Data below
----------

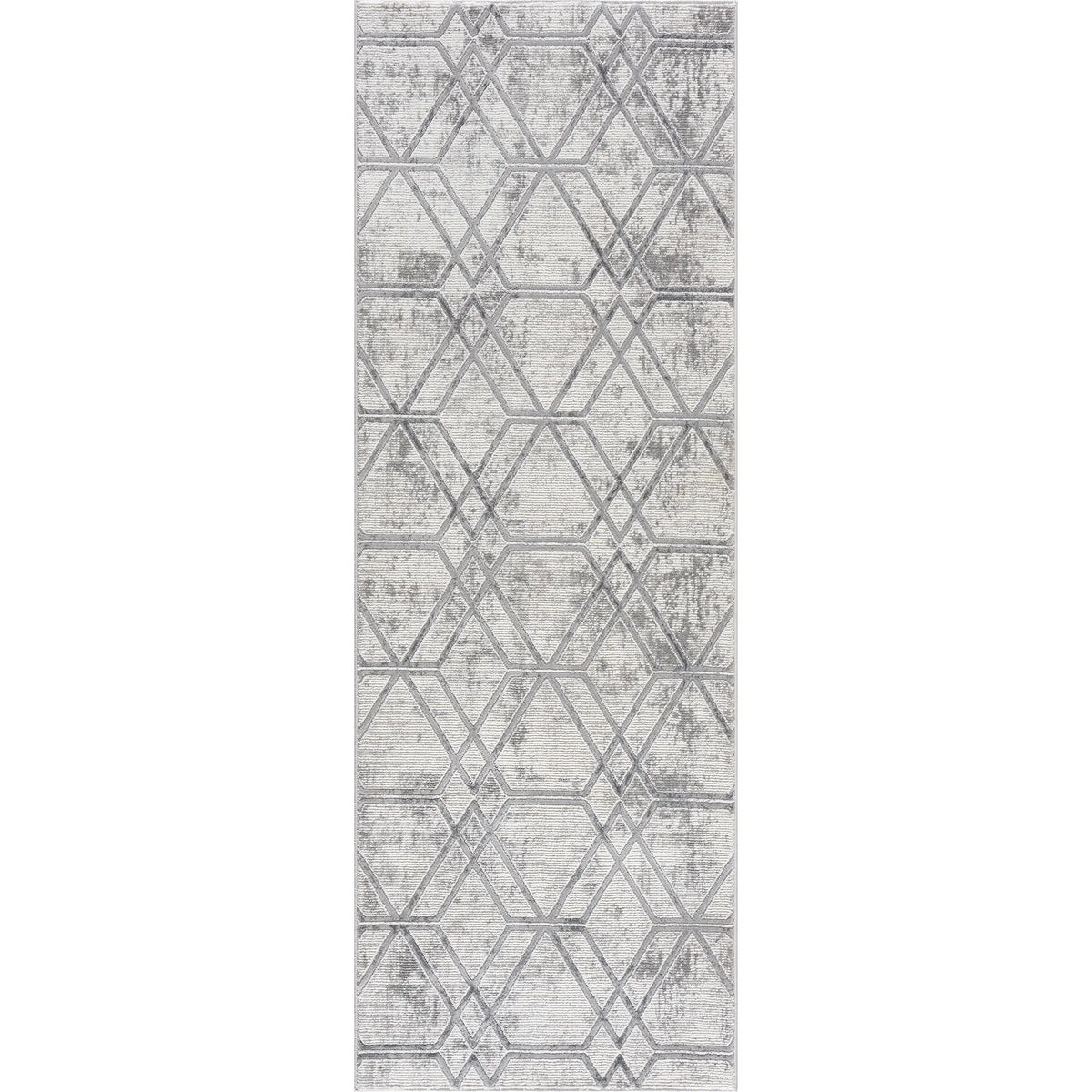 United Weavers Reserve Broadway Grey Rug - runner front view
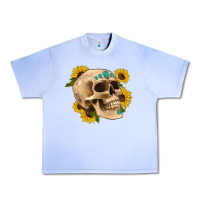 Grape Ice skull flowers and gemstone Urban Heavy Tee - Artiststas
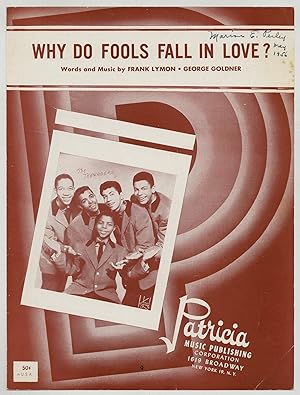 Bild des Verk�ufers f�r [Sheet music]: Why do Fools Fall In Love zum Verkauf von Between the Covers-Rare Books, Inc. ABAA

----------

Print the listing exactly, minus any pictures.

 United Weavers Reserve Broadway Grey Rug - runner front view
 Grape Ice skull flowers and gemstone Urban Heavy Tee - Artiststas
 Bild des Verk�ufers f�r [Sheet music]: Why do Fools Fall In Love zum Verkauf von Between the Covers-Rare Books, Inc. ABAA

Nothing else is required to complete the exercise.